24. Amdahl or Gustafson? Consider the following example. A physical process involving a flat area 100 units by 100 units is being simulated. Processing of the units can take place in parallel. However, there is a border region 10 units wide that goes round the square where parallel processing cannot take place because of relationships with the external world. In other words, parallel processing can take place in the inner square but not in the 10? unit wide strip/border round it.

a. If parallel processing is used, what speedup is possible?
b. Suppose that the system is scaled to 200 by 200 units. The border region remains at 10 units. What
speedup can parallel processing now achieve?

a. If the border is 10 units wide all the way round, the center measures 80 × 80 = 6,400 units. The border is
100 × 10 + 100 × 10 + 80 × 10 + 80 × 10 = 3,600. The serial to parallel ratio (border to center) is 3,600 to
6,400. The time taken is (3,600 + 6,400/n)T, where T is the time to process one unit and n is the number of
parallel processors. In the limit where n reduces the parallel part of the problem to zero, the irreducible
time is 3,600T. The highest speedup is 10,000T/3,600T = 2.78.
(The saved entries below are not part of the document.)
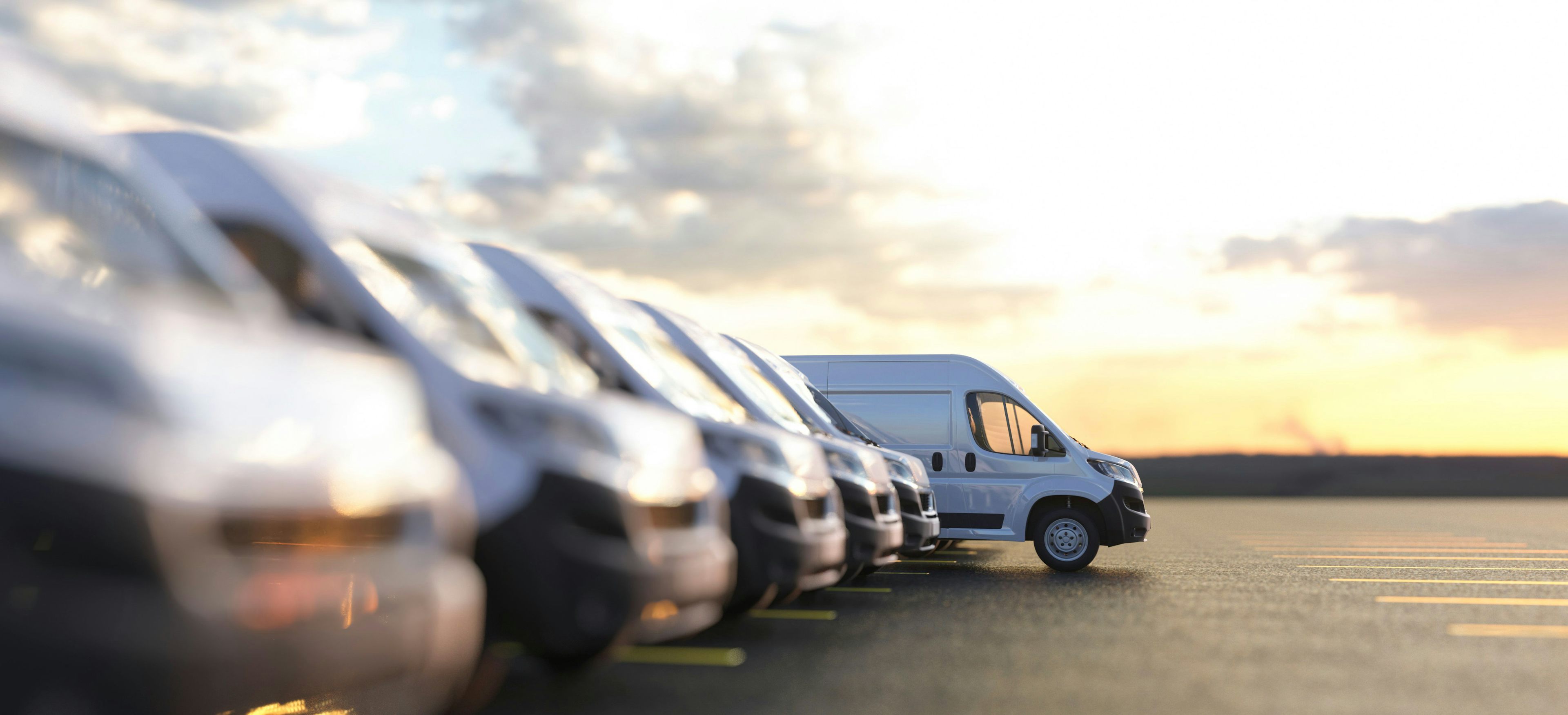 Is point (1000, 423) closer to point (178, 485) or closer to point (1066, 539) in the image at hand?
point (1066, 539)

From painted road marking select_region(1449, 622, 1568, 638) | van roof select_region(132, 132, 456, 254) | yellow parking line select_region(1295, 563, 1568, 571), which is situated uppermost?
van roof select_region(132, 132, 456, 254)

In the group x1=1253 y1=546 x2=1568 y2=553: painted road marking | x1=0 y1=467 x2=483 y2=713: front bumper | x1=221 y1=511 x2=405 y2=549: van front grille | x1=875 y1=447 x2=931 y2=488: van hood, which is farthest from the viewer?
x1=1253 y1=546 x2=1568 y2=553: painted road marking

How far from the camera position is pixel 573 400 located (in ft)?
17.3

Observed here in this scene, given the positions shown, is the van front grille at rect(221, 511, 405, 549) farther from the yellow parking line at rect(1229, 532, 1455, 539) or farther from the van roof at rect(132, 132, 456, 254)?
the yellow parking line at rect(1229, 532, 1455, 539)

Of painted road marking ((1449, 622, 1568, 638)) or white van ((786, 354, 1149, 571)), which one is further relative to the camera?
white van ((786, 354, 1149, 571))

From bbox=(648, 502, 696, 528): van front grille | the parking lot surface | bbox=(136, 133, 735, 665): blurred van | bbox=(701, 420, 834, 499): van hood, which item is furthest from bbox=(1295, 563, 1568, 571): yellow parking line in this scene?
bbox=(136, 133, 735, 665): blurred van

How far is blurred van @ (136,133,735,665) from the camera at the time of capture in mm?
4902

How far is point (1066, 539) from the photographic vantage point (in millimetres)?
13047

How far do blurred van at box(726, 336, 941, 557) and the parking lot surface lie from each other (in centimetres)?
50

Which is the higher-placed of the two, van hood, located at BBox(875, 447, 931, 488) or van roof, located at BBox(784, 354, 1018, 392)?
van roof, located at BBox(784, 354, 1018, 392)

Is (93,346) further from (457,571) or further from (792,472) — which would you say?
(792,472)

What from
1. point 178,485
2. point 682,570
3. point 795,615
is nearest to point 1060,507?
point 795,615

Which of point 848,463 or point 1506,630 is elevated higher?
point 848,463

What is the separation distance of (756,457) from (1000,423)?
728 centimetres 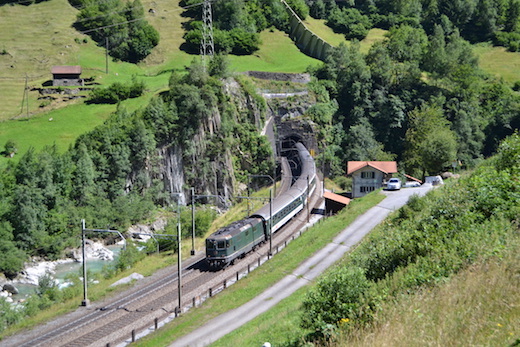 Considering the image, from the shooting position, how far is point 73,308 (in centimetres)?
3219

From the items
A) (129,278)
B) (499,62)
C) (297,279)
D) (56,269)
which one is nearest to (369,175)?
(297,279)

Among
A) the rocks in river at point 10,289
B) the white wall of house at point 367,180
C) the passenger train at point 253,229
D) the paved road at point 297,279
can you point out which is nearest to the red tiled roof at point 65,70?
the passenger train at point 253,229

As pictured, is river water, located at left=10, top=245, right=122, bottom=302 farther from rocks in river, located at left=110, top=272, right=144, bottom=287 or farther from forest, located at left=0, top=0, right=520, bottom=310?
rocks in river, located at left=110, top=272, right=144, bottom=287

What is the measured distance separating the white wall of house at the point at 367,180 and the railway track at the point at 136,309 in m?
25.6

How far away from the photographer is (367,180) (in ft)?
210

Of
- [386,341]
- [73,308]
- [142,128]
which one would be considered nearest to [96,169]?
[142,128]

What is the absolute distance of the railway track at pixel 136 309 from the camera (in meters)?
27.4

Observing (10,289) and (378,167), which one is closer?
(10,289)

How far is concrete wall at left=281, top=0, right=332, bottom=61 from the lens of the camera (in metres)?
104

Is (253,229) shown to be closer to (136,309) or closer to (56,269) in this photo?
(136,309)

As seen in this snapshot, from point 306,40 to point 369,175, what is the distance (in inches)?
2111

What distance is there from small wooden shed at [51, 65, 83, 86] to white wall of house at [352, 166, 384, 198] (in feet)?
141

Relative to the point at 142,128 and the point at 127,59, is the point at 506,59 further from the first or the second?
the point at 142,128

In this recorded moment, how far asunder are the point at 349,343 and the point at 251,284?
878 inches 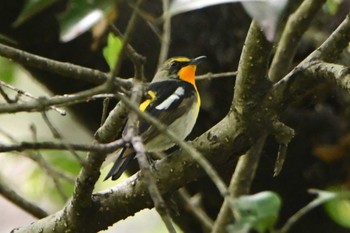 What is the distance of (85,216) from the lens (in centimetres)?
203

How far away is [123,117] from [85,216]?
0.43 m

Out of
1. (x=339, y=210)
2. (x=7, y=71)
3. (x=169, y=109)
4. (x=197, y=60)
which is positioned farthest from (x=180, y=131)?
(x=339, y=210)

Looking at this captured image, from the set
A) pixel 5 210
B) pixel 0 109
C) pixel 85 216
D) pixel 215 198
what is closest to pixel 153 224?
pixel 5 210

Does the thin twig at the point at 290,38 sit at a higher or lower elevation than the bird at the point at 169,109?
lower

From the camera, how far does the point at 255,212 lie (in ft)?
2.86

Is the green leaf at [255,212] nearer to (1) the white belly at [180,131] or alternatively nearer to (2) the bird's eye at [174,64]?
(1) the white belly at [180,131]

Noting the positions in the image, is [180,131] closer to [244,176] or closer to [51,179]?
[244,176]

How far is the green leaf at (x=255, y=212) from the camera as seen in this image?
33.6 inches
b. Suppose the system is scaled to twice the linear size. The parallelizable square is 180 × 180 units (32,400
units). The border is now 200 × 10 + 200 × 10 + 180 × 10 + 180 × 10 = 7,600. In this case the time taken is
7,600T + (32,400/n)T. If n is chosen to make the parallel term negligible, the irreducible time is 7,600T and
the speedup 40,000/7,600 = 5.26.
This demonstrates that the scaling the problem can achieve a greater speedup. In both cases Amdahl’s law
remains, but the fraction of the serial and parallel portions have changed with the scaling.